Game Development Trends in 2021

Jon Radoff
Building the Metaverse
11 min readSep 30, 2021
Image Credit: Atelier Ying

Three huge forces are shaping game development in 2021: the solo-to-social trend, the technologists-to-artists trend, and the games-to-economy trend.

Understanding these trends is critical to taking advantage of big opportunities —but they also presents new challenges around game design, customer acquisition, development methodology and live operations. Understanding the challenges as well as the opportunities will equip you to build a sustainable game business.

This article will bring this understanding to you, as well as illuminate some of the actual economics around networks, games and communities.

Solo to Social

Years ago people talked about “social games” that were created on social networks. Ironically, these games were almost never social — they merely benefitted from spam and marketing through what was then an entirely unregulated social media ecosystem (if you were around, you surely remember all the requests for nails to build barns in Farmville).

To be clear, I’m not talking about that, or a return to “social games.”

I’m talking about games that are actually social.

It is important to recognize that the ecosystem around games is integrated with communities more than ever. Often, that means that formerly solo gaming experiences are becoming social because of the “meta” that envelops a game — the chat, competitions, community, memes, esports, streaming, modding, etc.

There are huge implications for the way games are designed, operated, nurtured and marketed. I’ll touch on each.

Example: Undertale

Let’s take a game like Undertale. My kids both love Undertale, which contains no multiplayer features whatsoever. Yet they are active participants around the streaming community and YouTubers. They play fan games based on it. They spread Undertale memes. My son even participates in an Outschool class where kids come together each week for a show-and-tell around Undertale… he’s even taken up playing piano just so he could learn to play the Undertale music.

From a business perspective: what an amazing way to have sustained years of Undertale sales — and furnished the perfect platform to launch Delta Rune.

Lessons for Game Developers

Why does this happen in Undertale, and are there lessons for game developers here?

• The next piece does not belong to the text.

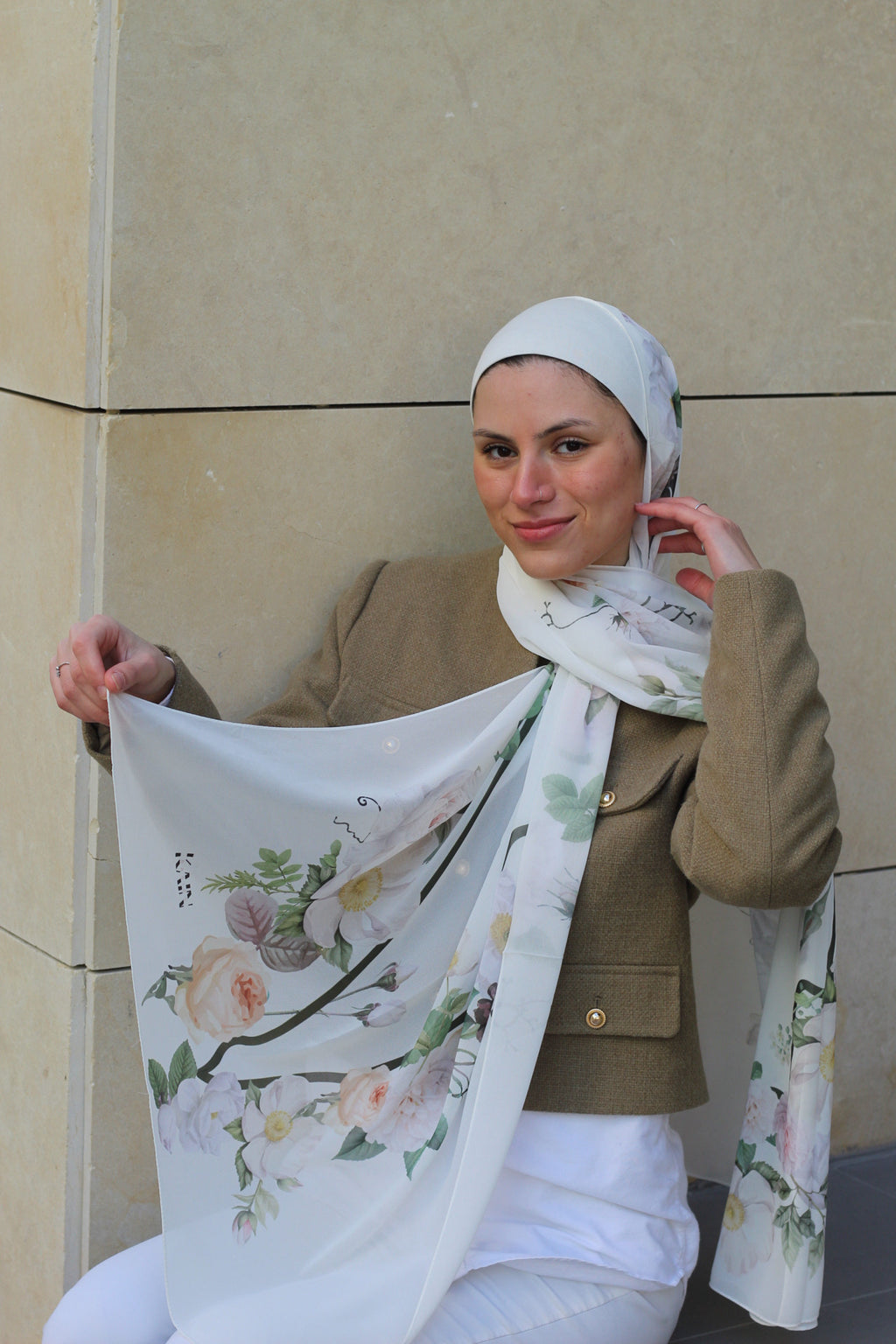 Palestine – Luxurious and Cozy Scarf Hijab for a Stylish Daily Look -حجاب شال فاخر ومريح لإطلالة يومية أنيقة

One set of lessons is to remember the elements that make for a great game in the first place: a really great core loop that players love to master. Memorable characters and storytelling that resonate emotionally. Great music. Undertale has all of these — and without them, socialization wouldn’t have helped much.

The simplicity of the gameplay loop enabled players to create fan games. No-code/low-code tools like Clickteam Fusion and Gamemaker Pro could be used to riff off the experience. The characters and storytelling inspires the imagination, leading to animated series and gameplay variants. One fan even created a game with the PvP and multiplayer aspects that were not part of the original.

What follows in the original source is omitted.